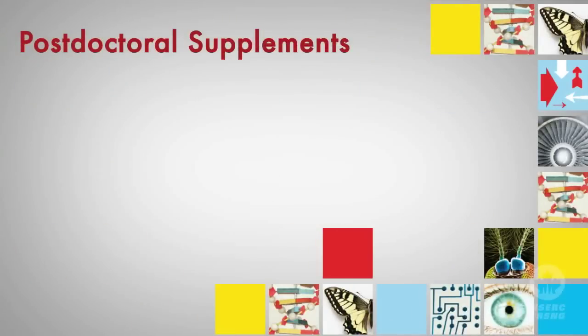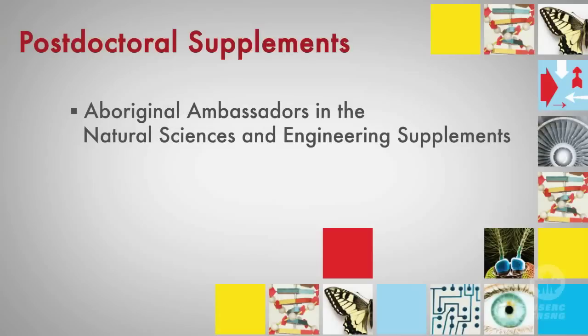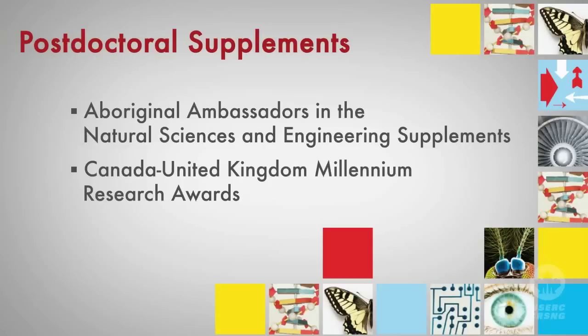NSERC post-doctoral fellowship holders may also be eligible to apply for supplementary funding programs. The Aboriginal Ambassadors in the Natural Sciences and Engineering Program seeks to help Aboriginal students promote interest and participation in science and engineering in Canada's Aboriginal communities. The Canada-United Kingdom Millennium Research Awards encourage collaboration between Canadian and United Kingdom researchers by providing supplementary support to fellows who hold their awards in the UK. For deadlines and application information for these supplements, check the NSERC website.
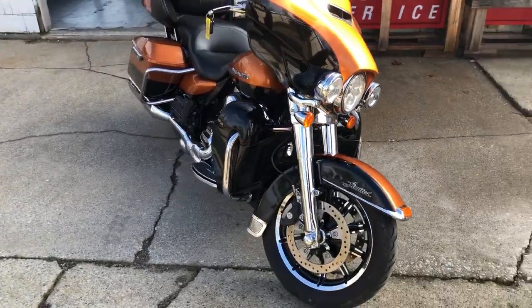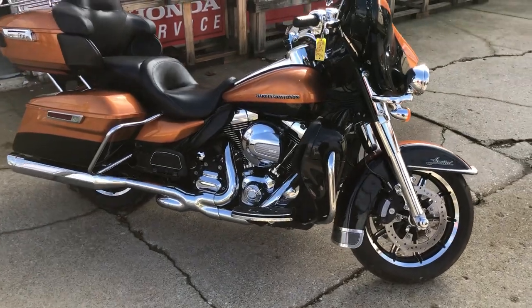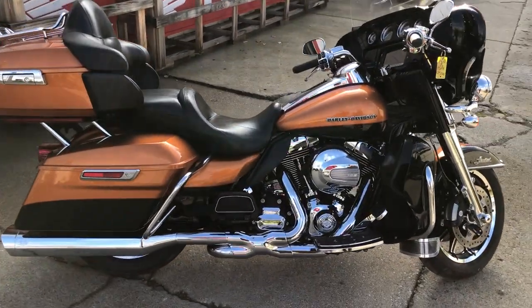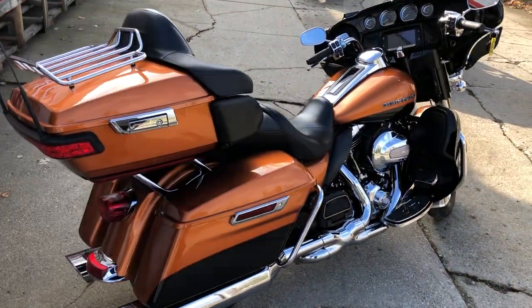It's a hard-to-find color, loaded with over $2,000 in extras. Take a close look at this one: chrome front end, chrome levers, switch housings, upgraded floorboards, upgraded lower controls, and a dual Vance and Hines exhaust.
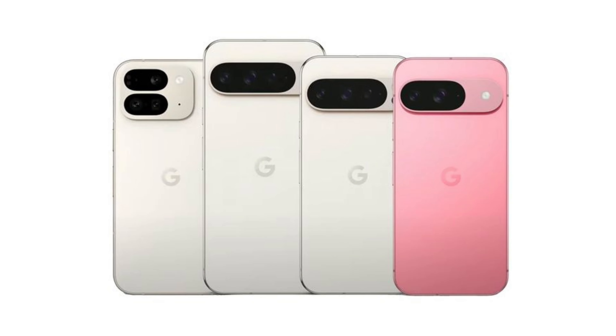The battery is 4,700 milliamp-hours — not quite 5,000, but it might be okay. In my experience, Pixels haven't always had the best battery life. The Pixel 7 Pro wasn't great, the Pixel 8 was actually really good, and the 7a was decent. Hopefully the Pixel 9 improves on that. You get 27-watt wired charging and 15-watt wireless charging, which is really nice.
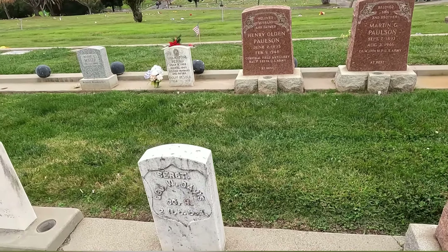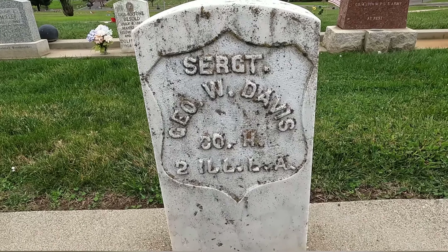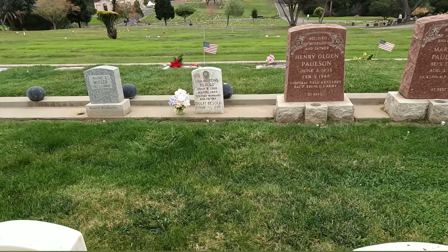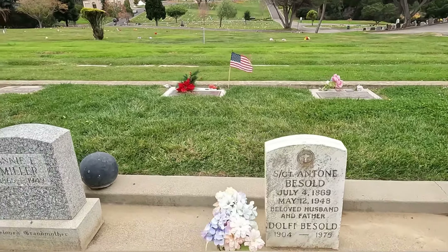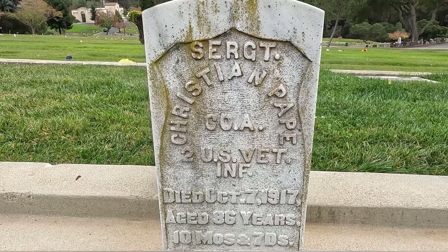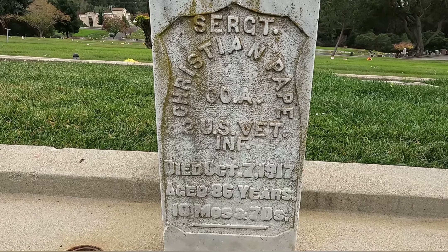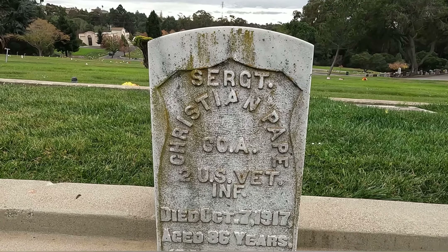Interesting — G.O.W. Davis, from what I can make out, this is kind of a weather-beaten stone. And more cannonballs. Sergeant Christian Pepe, died October 7th 1917, aged 86 years, 10 months, 7 days. Kind of a weather-beaten starting stone here as well.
══════
## Task goal
Would you please reproduce verbatim the run of lines that opens the listing and ends with the line holding "It's a hard-to-find", and only that run, leaving every picture out?

## Exercise solution
NSERC post-doctoral fellowship holders may also be eligible to apply for supplementary funding programs. The Aboriginal Ambassadors in the Natural Sciences and Engineering Program seeks to help Aboriginal students promote interest and participation in science and engineering in Canada's Aboriginal communities. The Canada-United Kingdom Millennium Research Awards encourage collaboration between Canadian and United Kingdom researchers by providing supplementary support to fellows who hold their awards in the UK. For deadlines and application information for these supplements, check the NSERC website.
It's a hard-to-find color, loaded with over $2,000 in extras. Take a close look at this one: chrome front end, chrome levers, switch housings, upgraded floorboards, upgraded lower controls, and a dual Vance and Hines exhaust.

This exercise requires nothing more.